(Caption-style text data)
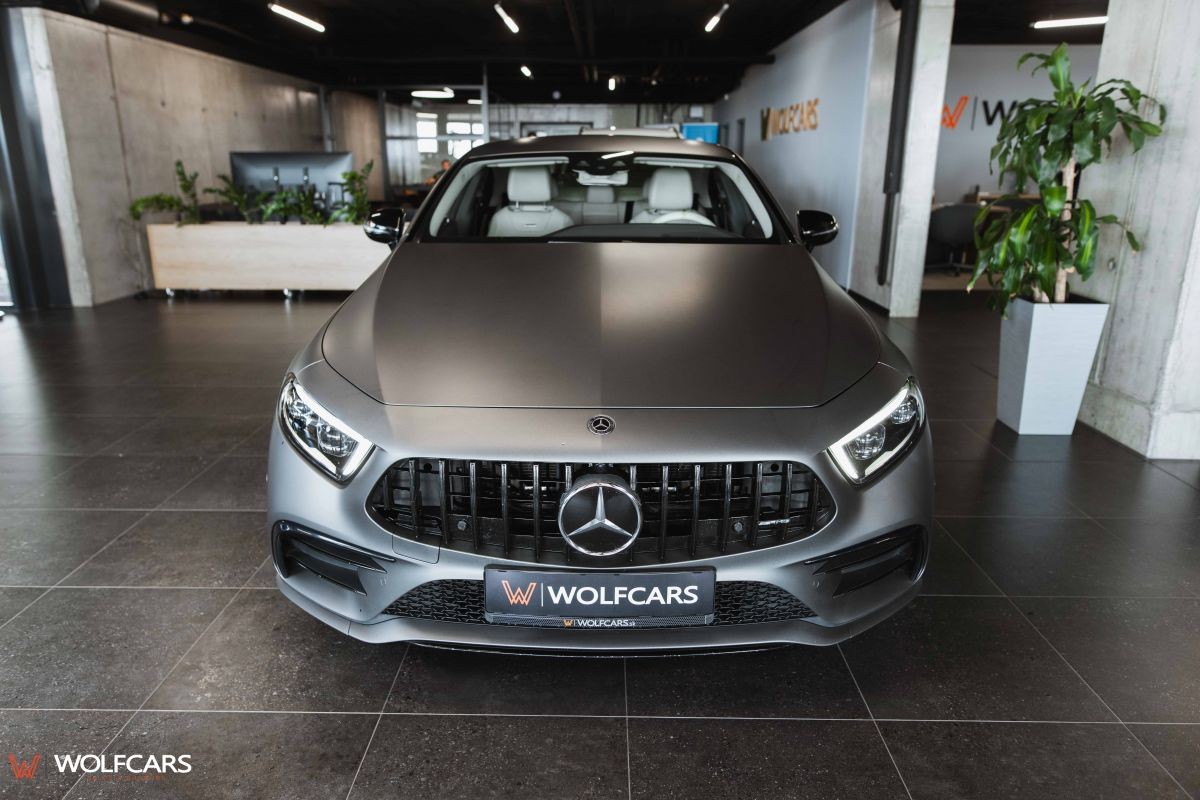 Mercedes-Benz CLS AMG 53 4MATIC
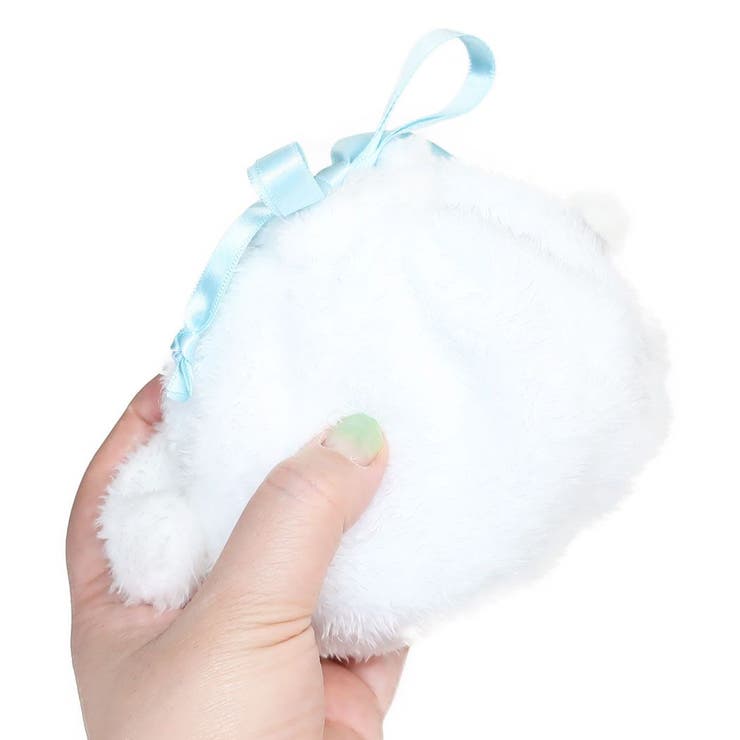 シナモロール 巾着袋 まんまる巾着 | cinemacollection | 詳細画像2 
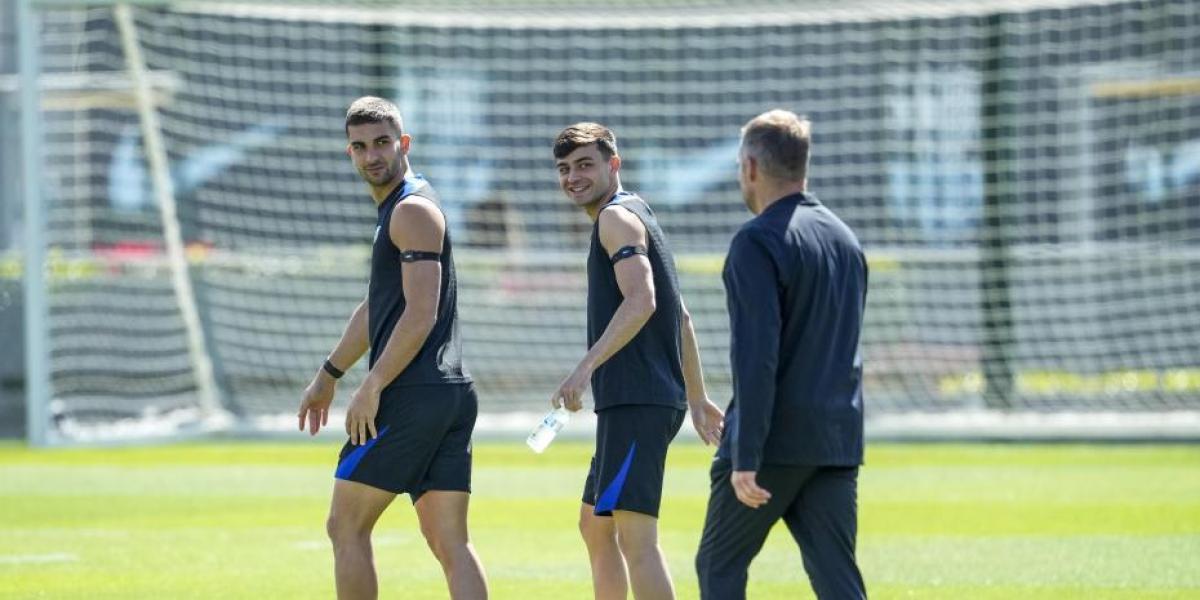 Este es el once del Barça para recibir al Real Madrid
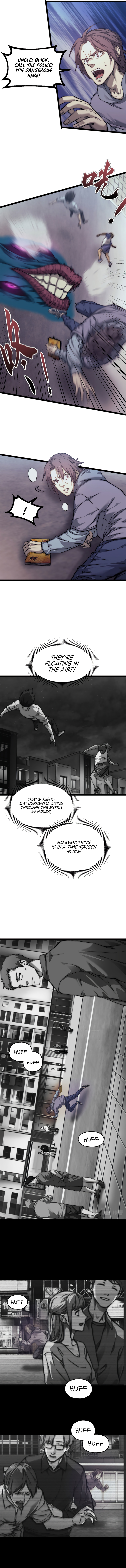 48 Hours a Day Chapter 4 - Page 10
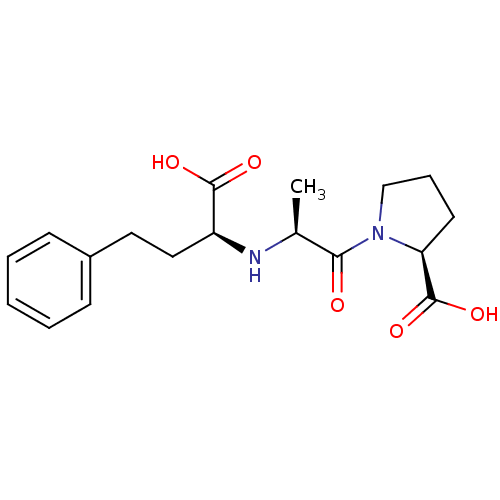 Chemical structure of BindingDB Monomer ID 50367254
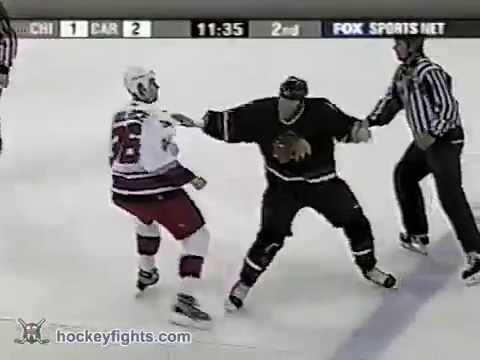 Ryan VandenBussche vs Jesse Boulerice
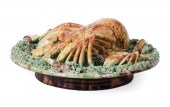 PALISSY FAIENCE TROMPE L'OEIL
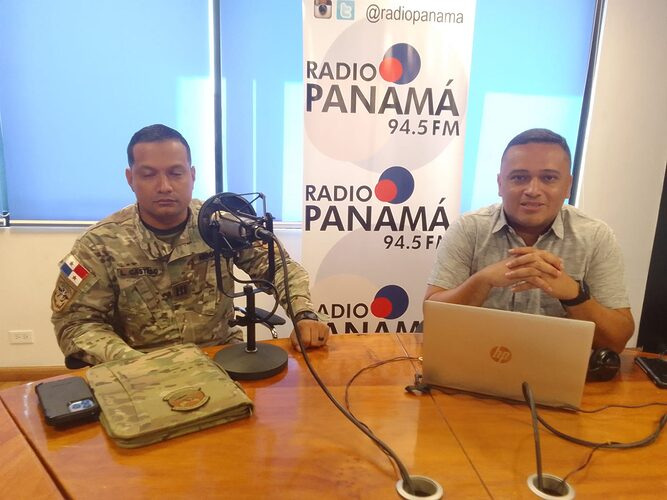 Noticia Radio Panamá | SENAN ha rescatado a más de 858 personas en los últimos 4 años
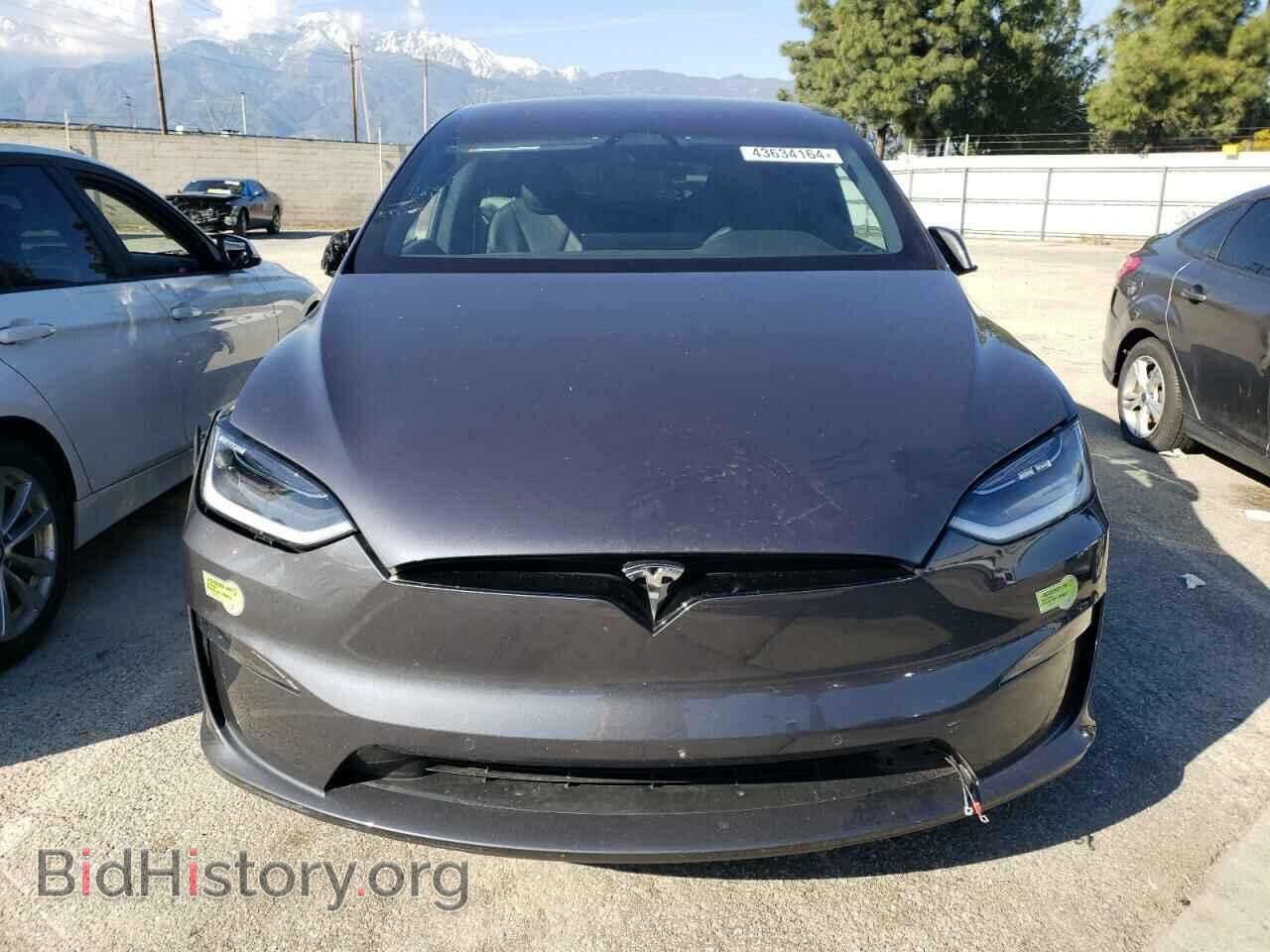 2023 TESLA MODEL X - VIN: 7SAXCBE59PF370061 - Photo 5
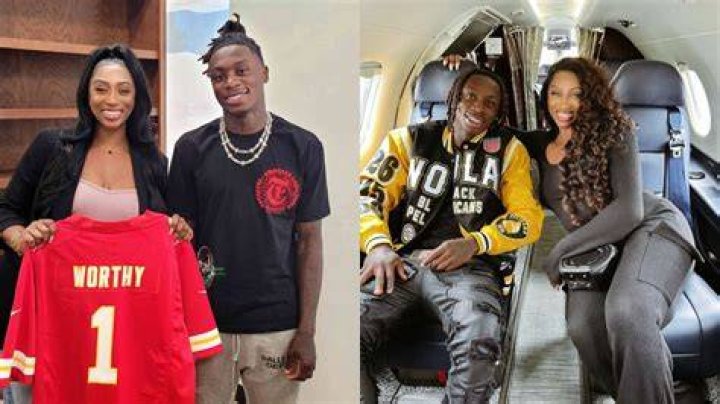 Meet Xavier Worthy Mom Nicky Jones And Father Family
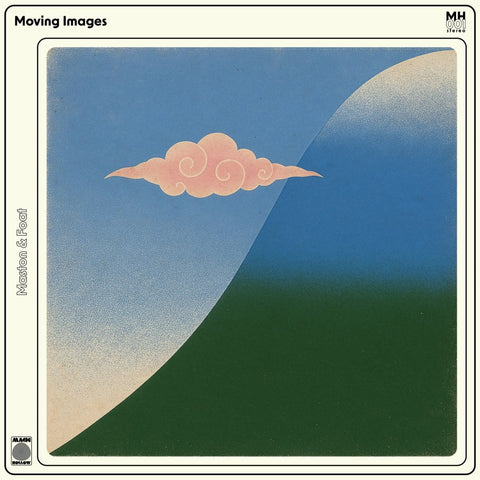 Maston & Greg Foat - Moving Images Vinyl - Vinyl Record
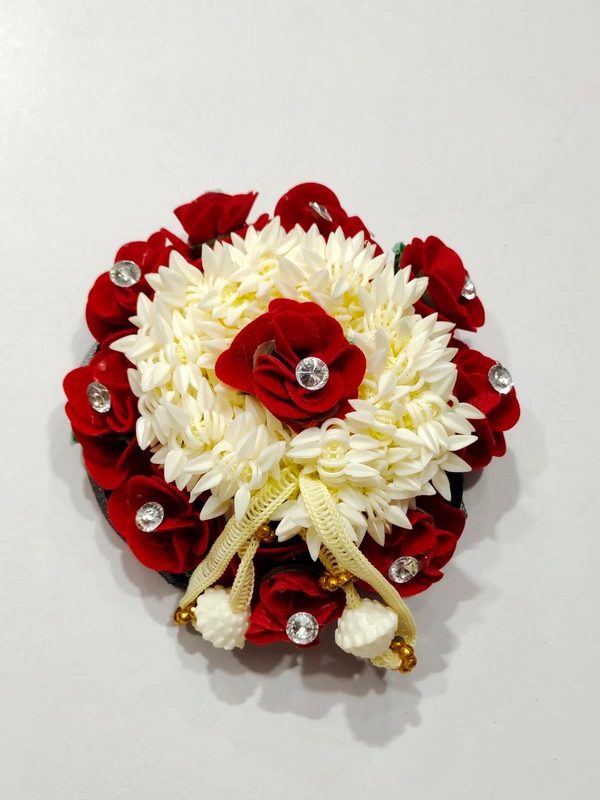 Unique Hair flower Khopa-A2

## Activity
Pictures stay out of the copy; please restate every record above exactly.

## Your solution
 Mercedes-Benz CLS AMG 53 4MATIC
 シナモロール 巾着袋 まんまる巾着 | cinemacollection | 詳細画像2 
 Este es el once del Barça para recibir al Real Madrid
 48 Hours a Day Chapter 4 - Page 10
 Chemical structure of BindingDB Monomer ID 50367254
 Ryan VandenBussche vs Jesse Boulerice
 PALISSY FAIENCE TROMPE L'OEIL
 Noticia Radio Panamá | SENAN ha rescatado a más de 858 personas en los últimos 4 años
 2023 TESLA MODEL X - VIN: 7SAXCBE59PF370061 - Photo 5
 Meet Xavier Worthy Mom Nicky Jones And Father Family
 Maston & Greg Foat - Moving Images Vinyl - Vinyl Record
 Unique Hair flower Khopa-A2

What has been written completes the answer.